1. Identify the protagonists of each novel. Address the following questions for each protagonist, and use specific details from the text to reinforce your answers: To what degree are these protagonists complex? Do they have a propensity for evil alongside a will to do good? What ideas most interest them (justice, mercy, truth, honor, generosity, rebellion, love, etc.)? What stands in their way? What question seems to drive this character? What does this character seem certain about? What do they seem clueless about? Do they have a foil that leads you to understand them better? Who is their antagonist?

SETTING?

2. When did this happen? How much time passes in the course of the events of this novel? How important is timing to the character’s concerns and behaviors (do some concerns seem outdated or antiquated in light of ‘progress’)? How important is the time in relationship to the conflicts? Where does this happen? How important is the geographical setting to the concerns of the characters? How important is political landscape to the concerns of the characters? Is this a place of wealth, poverty, or other? Are there specific geographical, economic, sartorial, or other items in the novel that take on a special significance?

SYMBOLS ¥

3. What are the most obvious, Sparksnotes answer-type symbols here? How do these symbols relate to theme within the novel? Does your understanding of the symbol develop as the novel progresses or is the symbol clearly established and understood from early in the novel? Is there a layer of complexity to the symbol beyond what the characters understand?

IMAGERY

4. What are the most present colors in this novel? What moments or places in the novel are presented in striking detail? What auditory details were presented? What tactile details? What olfactory details? What gustatory details? How do the images presented contribute to the atmosphere and mood of the novel? Does the mood change over the course of the novel?

STRUCTURE:

5. How is the novel divided up? What is interesting about the order in which the story is told? Are there chapters? Can you tell how chapter divisions were decided? Do the chapters have titles? Are there breaks in the narrative that are surprising or interesting in some way? What is the climax? How does the story resolve? Would you prefer it ended differently?

META QUESTIONS Ω

6. Could this story be told as effectively through dance? Film?Poetry?Graphic novel?Painting?Etc.? How would this look? What would be sacrificed?

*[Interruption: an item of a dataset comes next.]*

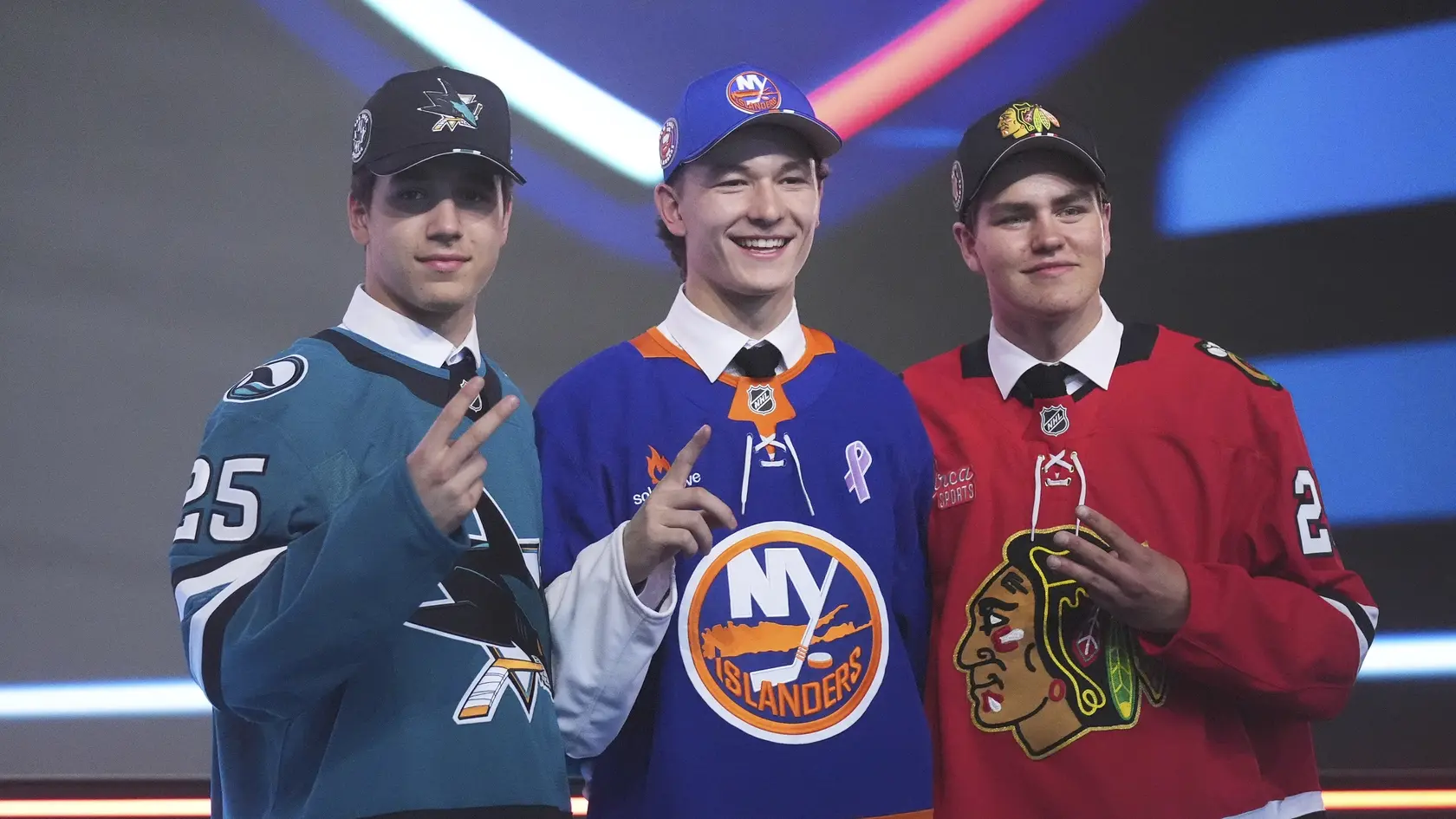 Matthew Schaefer, ktorého si ako prvého vybral tím New York Islanders, stojí uprostred medzi Michaelom Misom, ktorého ako druhého draftoval tím San Jose Sharks (vľavo), a Antonom Frondellom, ktorého si ako tretieho vybral tím Chicago Blackhawks (vpravo), počas draftu NHL.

Do you think the author approves or disapproves of his/her characters? What suggests this attitude?

Do you approve or disapprove of the characters? Why?

Which of these authors calls special attention to the constructedness of their story? How do they do this?

PASSAGE WORK: For ¾ novels, choose five significant passages which you indicate by page numbers and beginning and end of passage. For each passage indicate how this is a significant passage in relationship to character development, plot development, and theme.